Other researchers also felt that involving PPI representatives in ‘technical’ discussions about certain research designs was tokenistic, as they were able to contribute very little:
I mean we’re doing a review of reviews . . . so it’s methodologically very challenging, it’s conceptually quite challenging, half the academics feel out of their depth, intellectually and conceptually. The PPI feel . . . that’s not to denigrate them or to put them down in any way at all, it’s not what PPI is about, . . . No, they come to the steering group and then they feel a bit left out and I think it’s a shame, I think it’s, you know I think it’s disrespectful in a way that not having, I mean I think, for that project it would be more respectful not to have PPI, does that make sense?

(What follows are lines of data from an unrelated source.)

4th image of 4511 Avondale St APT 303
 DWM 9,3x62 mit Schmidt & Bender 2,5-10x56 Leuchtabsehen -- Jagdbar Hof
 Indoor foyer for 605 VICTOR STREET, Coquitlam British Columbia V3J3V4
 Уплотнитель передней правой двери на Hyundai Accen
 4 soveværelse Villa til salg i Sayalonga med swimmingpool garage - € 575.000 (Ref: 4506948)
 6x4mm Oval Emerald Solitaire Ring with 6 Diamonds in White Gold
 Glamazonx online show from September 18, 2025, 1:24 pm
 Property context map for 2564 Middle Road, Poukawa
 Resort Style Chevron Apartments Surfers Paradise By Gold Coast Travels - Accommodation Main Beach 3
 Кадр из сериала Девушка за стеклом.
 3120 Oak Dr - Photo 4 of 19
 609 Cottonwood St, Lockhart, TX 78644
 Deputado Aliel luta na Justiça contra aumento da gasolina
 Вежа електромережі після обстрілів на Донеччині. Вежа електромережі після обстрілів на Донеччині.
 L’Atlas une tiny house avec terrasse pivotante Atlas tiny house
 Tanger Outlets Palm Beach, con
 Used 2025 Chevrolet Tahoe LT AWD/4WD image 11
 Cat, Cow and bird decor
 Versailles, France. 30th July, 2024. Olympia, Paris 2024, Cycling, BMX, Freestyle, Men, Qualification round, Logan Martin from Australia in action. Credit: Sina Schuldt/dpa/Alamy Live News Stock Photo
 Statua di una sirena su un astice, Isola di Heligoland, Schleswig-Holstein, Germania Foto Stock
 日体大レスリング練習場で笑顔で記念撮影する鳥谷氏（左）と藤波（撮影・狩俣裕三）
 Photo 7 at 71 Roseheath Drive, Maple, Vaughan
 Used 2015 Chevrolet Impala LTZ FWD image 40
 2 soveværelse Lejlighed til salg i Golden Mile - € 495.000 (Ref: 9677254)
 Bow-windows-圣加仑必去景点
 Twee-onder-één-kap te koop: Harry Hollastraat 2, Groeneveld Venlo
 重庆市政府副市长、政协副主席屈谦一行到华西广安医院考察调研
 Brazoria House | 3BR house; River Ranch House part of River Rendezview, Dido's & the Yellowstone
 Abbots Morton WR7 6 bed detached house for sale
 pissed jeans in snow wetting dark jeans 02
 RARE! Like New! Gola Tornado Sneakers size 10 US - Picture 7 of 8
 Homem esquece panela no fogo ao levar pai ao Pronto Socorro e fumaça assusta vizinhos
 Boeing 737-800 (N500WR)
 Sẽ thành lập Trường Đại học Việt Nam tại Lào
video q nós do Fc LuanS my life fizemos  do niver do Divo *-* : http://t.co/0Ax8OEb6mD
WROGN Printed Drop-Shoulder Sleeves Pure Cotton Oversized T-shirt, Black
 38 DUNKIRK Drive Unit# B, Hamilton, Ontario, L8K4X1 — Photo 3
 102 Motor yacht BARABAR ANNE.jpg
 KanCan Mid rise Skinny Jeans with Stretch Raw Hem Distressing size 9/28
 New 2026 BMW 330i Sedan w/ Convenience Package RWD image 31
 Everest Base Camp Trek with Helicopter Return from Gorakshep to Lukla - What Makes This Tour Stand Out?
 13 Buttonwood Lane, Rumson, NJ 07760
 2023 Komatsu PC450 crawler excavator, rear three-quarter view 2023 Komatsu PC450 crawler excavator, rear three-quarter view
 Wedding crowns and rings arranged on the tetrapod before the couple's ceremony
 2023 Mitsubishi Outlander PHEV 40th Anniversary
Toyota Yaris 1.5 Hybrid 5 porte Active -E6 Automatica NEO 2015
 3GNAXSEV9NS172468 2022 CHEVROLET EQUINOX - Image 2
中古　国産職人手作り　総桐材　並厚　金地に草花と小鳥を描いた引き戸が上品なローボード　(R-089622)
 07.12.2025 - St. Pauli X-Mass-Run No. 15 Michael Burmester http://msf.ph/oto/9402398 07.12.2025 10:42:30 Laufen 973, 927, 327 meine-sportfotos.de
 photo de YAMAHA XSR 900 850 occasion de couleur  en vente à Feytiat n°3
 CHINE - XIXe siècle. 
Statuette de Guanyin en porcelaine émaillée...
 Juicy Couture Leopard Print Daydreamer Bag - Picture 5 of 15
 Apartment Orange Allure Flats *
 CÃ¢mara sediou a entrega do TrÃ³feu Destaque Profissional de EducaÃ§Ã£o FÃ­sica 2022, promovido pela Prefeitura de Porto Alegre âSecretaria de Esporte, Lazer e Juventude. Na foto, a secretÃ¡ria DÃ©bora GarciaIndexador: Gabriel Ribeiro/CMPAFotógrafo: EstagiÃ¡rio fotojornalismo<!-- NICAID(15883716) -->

There was also some evidence that researchers felt concerned that some PPI representatives who lacked scientific understanding could jeopardise a study at the design stage. However, another funder challenged assumptions about the ability of experienced PPI to review less applied, more basic science applications:
when we set up these committees, there was a fear or a worry that they would have trouble reviewing basic science applications and therefore they would be more drawn towards the clinical ones, but actually what happens is, it’s quite funny really, it’s almost the other way round. I think they can see the pipedream or the hope at the end, and almost they’re more critical about clinical studies, I think maybe because it’s closer to the patient benefit.
Indeed CS17 (Box 23) successfully involved PPI in approving bench research proposals in genetic epidemiology through a panel model whereby the PPI representatives are presented with lay protocols written specifically for the panel.